Please restate the data that follows word for word, with the pictures left out.
==== RECORDED INFORMATION
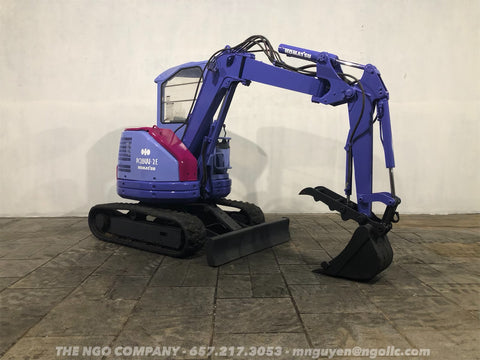 009.02 Komatsu PC28UU-2 Mini Excavator S/N 9977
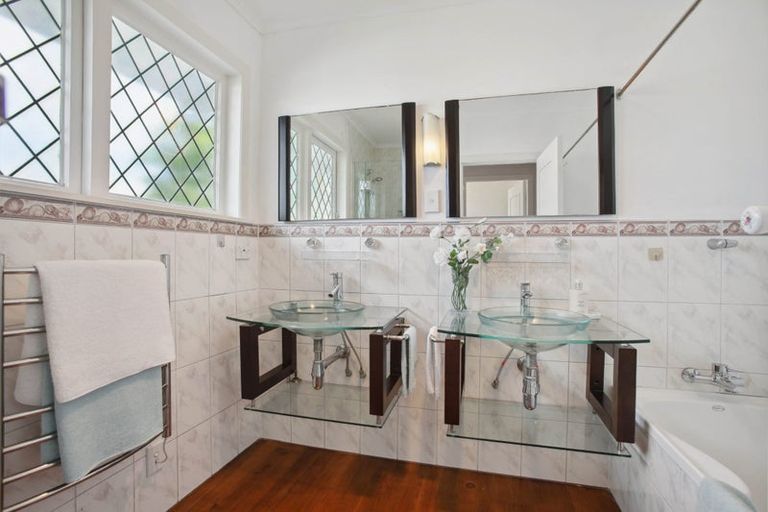 Photo of property in 32 Glenmore Road, Sunnyhills, Auckland, 2010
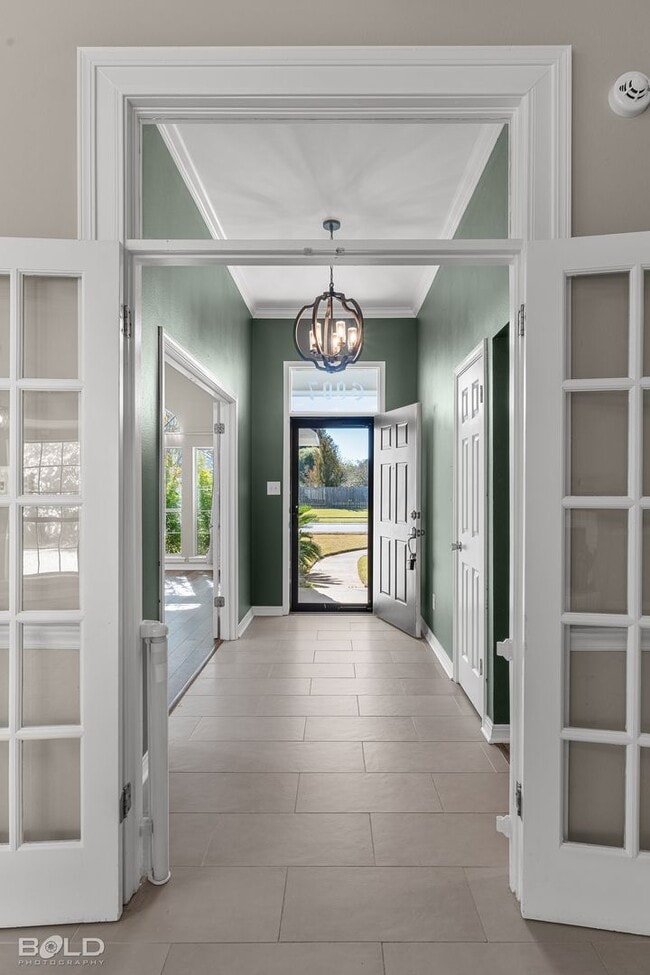 Building Photo - Check Out this 4 bed 2 bath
========
- **THE COMPLETED TASK**:
 009.02 Komatsu PC28UU-2 Mini Excavator S/N 9977
 Photo of property in 32 Glenmore Road, Sunnyhills, Auckland, 2010
 Building Photo - Check Out this 4 bed 2 bath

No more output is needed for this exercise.